Sorting through the pile of rubble, I find the big cope stones (ones that will cap off the top of the wall) and put them to one side. The thruff stones (through stones) are even bigger. These are the whin slabs that sit across the entire wall, holding both sides together. I heave them into a pile and start sorting out all the tiny rocks and pebbles that make up the core.

I begin by wedging in the larger stones at the base of the wall and work my way up, stuffing the central gaps with smaller rocks. Its a hot and heavy job, and after about two hours of solid work, I step back and have a look. Ive managed to build in half the gap, but it doesnt look quite right.

It has a distinct lean to the right, and when I experimentally wobble one of the larger base stones, the wall sways from one side to the other.

Looking at the stretch Ive done, I reckon all it would take would be one curious ewe to push gently against it, and then the whole flock would be out.

Sod it.

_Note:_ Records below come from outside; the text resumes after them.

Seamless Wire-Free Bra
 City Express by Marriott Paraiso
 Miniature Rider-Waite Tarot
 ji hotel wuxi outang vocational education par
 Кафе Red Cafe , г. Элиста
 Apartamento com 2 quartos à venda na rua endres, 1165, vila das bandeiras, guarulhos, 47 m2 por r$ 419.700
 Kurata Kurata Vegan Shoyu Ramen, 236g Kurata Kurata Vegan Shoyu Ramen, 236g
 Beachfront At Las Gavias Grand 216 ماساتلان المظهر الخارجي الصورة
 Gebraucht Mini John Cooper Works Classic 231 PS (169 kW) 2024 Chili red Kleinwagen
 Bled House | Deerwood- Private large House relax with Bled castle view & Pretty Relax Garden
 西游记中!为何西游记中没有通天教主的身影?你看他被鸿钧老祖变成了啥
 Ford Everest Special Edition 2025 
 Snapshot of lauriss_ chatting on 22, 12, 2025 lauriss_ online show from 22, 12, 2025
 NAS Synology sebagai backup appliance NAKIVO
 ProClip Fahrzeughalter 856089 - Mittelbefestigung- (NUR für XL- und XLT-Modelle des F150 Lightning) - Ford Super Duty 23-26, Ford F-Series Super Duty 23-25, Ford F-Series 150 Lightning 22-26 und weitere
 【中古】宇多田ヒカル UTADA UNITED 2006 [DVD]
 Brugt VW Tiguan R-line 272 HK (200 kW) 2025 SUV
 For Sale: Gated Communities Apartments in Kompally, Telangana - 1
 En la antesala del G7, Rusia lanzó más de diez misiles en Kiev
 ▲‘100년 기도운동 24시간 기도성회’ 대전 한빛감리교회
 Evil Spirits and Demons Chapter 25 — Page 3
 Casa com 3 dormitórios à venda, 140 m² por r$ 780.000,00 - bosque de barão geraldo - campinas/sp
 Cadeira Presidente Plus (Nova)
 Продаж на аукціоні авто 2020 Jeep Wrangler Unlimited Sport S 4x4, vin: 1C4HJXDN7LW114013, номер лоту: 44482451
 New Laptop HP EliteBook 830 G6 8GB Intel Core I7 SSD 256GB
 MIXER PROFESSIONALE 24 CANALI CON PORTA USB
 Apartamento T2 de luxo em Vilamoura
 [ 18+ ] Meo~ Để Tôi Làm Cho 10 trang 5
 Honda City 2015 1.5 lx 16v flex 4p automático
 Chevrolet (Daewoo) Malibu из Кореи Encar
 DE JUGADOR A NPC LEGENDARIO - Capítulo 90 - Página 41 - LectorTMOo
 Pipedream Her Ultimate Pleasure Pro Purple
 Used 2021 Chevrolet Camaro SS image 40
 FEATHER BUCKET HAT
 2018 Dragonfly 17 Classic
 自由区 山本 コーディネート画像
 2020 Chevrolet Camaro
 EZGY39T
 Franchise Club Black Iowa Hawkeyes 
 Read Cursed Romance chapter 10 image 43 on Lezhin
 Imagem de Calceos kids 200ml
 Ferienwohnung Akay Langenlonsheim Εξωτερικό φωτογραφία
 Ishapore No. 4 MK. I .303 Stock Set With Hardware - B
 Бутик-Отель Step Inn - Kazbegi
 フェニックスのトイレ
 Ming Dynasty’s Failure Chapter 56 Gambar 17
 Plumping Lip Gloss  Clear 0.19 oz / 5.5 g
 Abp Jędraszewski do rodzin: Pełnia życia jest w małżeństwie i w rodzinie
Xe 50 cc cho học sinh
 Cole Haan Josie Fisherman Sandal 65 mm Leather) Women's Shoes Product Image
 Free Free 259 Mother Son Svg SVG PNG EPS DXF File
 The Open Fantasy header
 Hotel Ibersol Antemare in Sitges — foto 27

I sit down on the grass in a sweaty heap and tip my head back to stare up at the clear sky and enjoy the sunshine.

Its beautiful down here. Theres a patch of trees on the right where a buzzard has nested for the past two years. I can see one of the birds now, lazily circling above me and making mournful keeeee sounds. Weve also got a pair down in the ten-acre wood, and Ive seen them up close when they land by the side of the road. Theyre huge, with deep brown feathers, and chocolate brown and yellow speckled wings.

Looking up, I can see a dark speck against the green of the field, and as I watch, it turns into the shape of my dad. Hes come to see what Im doing. He used to be a director of a large consulting firm, and since he retired in a neighbouring village, hes made it his lifes work to help me out and tell me what to do.

That looks a bit wonky, he says, surveying the leaning wall. What you need to do is

He starts telling me what I should be doing and demonstrating while lifting and repositioning some of the bigger stones in the gap. In a few minutes the wall looks much more secure and sheep-proof.

Thats better, says Dad happily.

Ive got a flask of tea and we sit down on the turf and companionably share a drink out of the plastic cup.

I love moments like these. The sky is blue and theres a warm wind. Its very peaceful at the bottom of the big field, and we cant hear any car noise, just the occasional baa from one of our sheep. Its a moment of much-needed quiet before the kids come home on the school bus.